Indeed, if $\sigma(X_1) = \sigma(X_2)$ then $E[Y | X_1] = E[Y | X_2]$ almost surely, thus $E[Y | X_1] = u_1(X_1)$ and $E[Y | X_2]=u_2(X_2)$ for some measurable functions $u_1$ and $u_2$ such that $u_1(X_1)=u_2(X_2)$ almost surely.
One can then define $E[Y | X_1=x]$ as $u_1(x)$ and $E[Y | X_2=x]$ as $u_2(x)$ for every $x$ in the target set of $X_1$ and $X_2$. This does not entail that $E[Y | X_1=x]$ and $E[Y | X_2=x]$ coincide since, in general, $u_1(x)\ne u_2(x)$.
To sum up, the condition that [$u_1(X_1)=u_2(X_2)$ almost surely] does not imply that [$u_1=u_2$].

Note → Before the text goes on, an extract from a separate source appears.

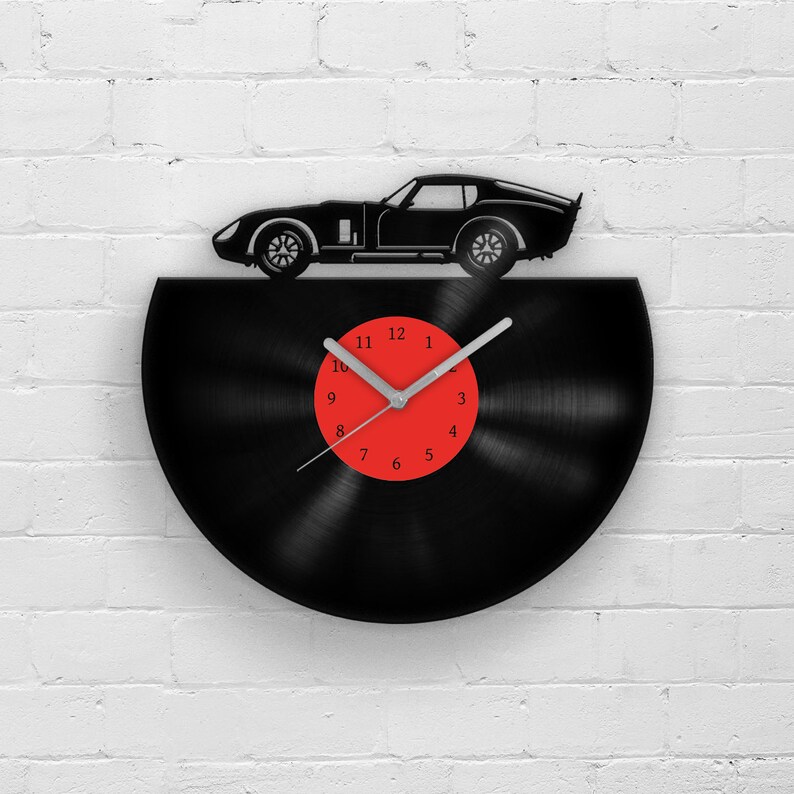 May include: A black vinyl record clock with a silver hand and red numbers. A black silhouette of a sports car is on top of the clock.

Edit: Perhaps a simple example can help. Assume that $Y=6X_1=3X_2$, hence $X_2=2X_1$. Then $$E[Y | X_1]=E[Y | X_2]=Y=6X_1=3X_2,$$ hence, for every $x$, $E[Y | X_1=x]=6x$ and $E[Y | X_2=x]=3x$. If one selects some $\omega$ in $\Omega$ and one measures $X_1(\omega)=x_1$ and $X_2(\omega)=x_2$ then $x_2=2x_1$ hence $E[Y | X_1=x_1]=6x_1$ and $E[Y | X_2=x_2]=3x_2$, which implies that $$E[Y | X_1=x_1]=E[Y | X_2=x_2].$$
More generally, if $\sigma(X_1)=\sigma(X_2)$, there exists some invertible bimeasurable $v$ such that $X_2=v(X_1)$ almost surely hence
E[Y\mid X_2]=u_2(X_2)=u_2\circ v(X_1)=E[Y\mid X_1],
thus, for almost every $x_1$ (with respect to the distribution of $X_1$),
E[Y\mid X_2=v(x_1)]=u_2\circ v(x_1)=E[Y\mid X_1=x_1].